The Norwegian Petroleum Directorate's forecast for 2017 did not predict a decline in production compared with the previous year. Most of the decline is the result of an unplanned maintenance shutdown on the Goliat field.
For 2018, the Norwegian Petroleum Directorate estimates that oil production will be reduced by an additional 2 per cent, to 90.2 million Sm³ (1.55 million barrels per day). The reduction in oil production is expected to continue towards 2020, while after this, Johan Sverdrup will contribute to a new upswing in production. Uncertainty in production forecasts is particularly linked to the drilling of new wells, start‐up of new fields, the ability of the reservoirs to deliver, and regularity on the fields in operation.

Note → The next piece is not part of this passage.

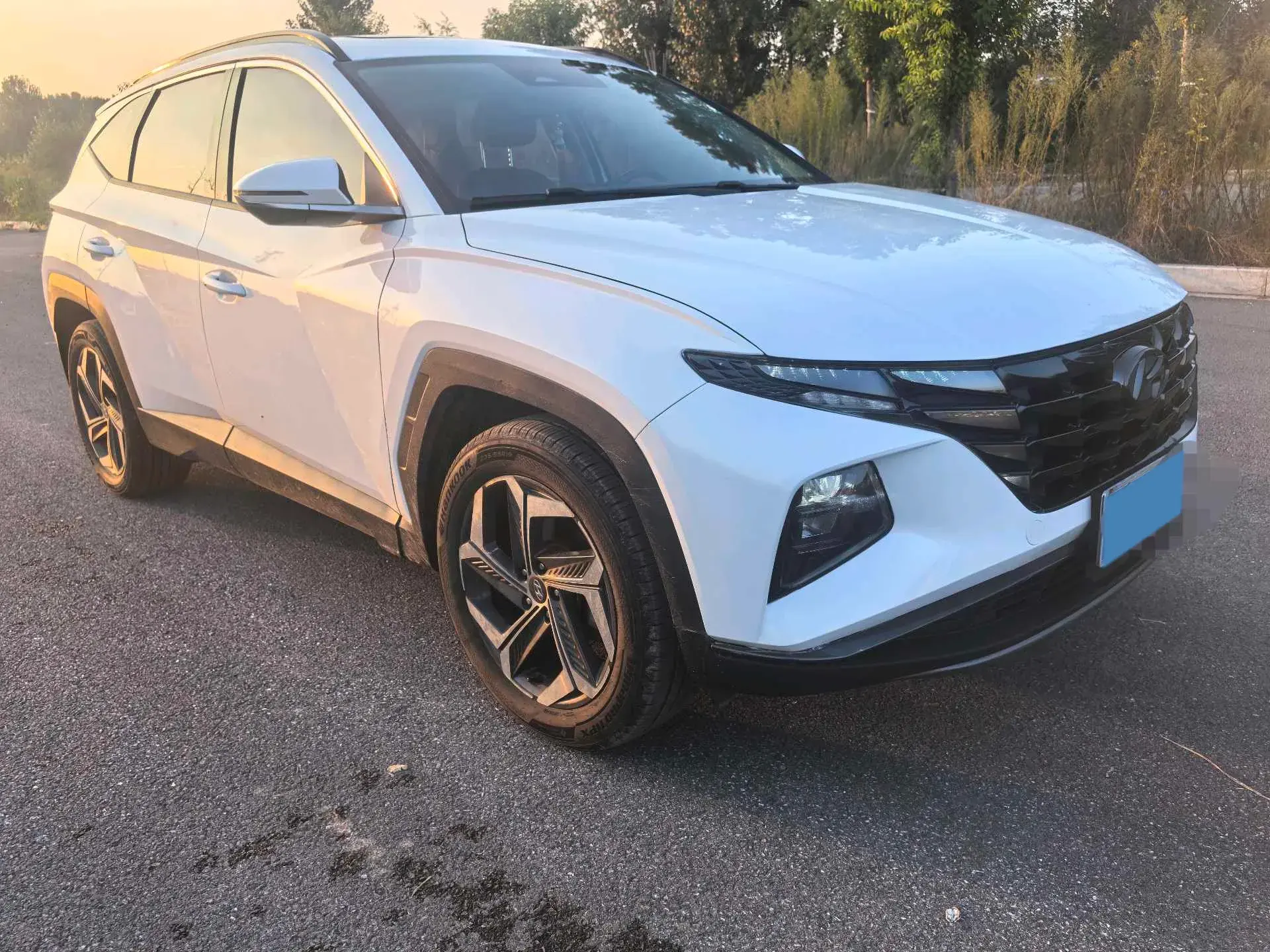 2022 HYUNDAI TUCSON thumbnail 3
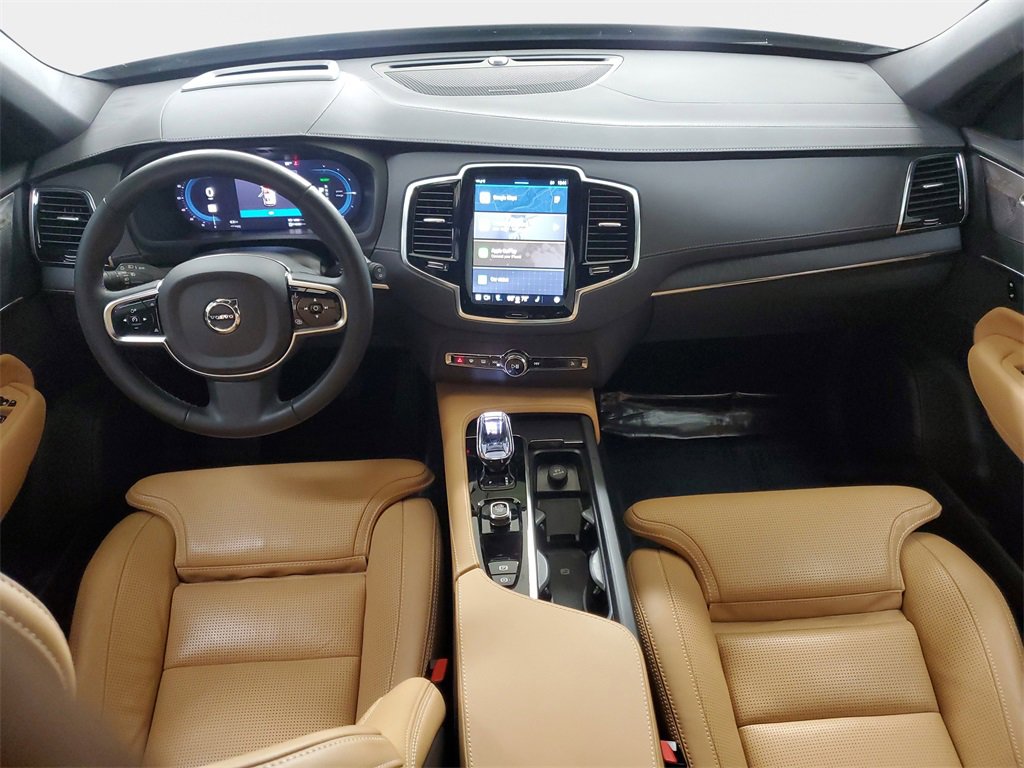 Used 2025 Volvo XC90 T8 Ultra w/ Protection Package Premier image 25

Production from approved developments accounts for 90 per cent of the volume expected in the five‐year period 2018‐2022 (Figure 1‐3). The remaining ten per cent is expected to come mainly from additional measures to improve recovery from the fields. Wells that have not yet been decided and optimisation of production strategies are the main contributors to this. In the last years of the period, production is also expected from discoveries where no development decision has yet been made.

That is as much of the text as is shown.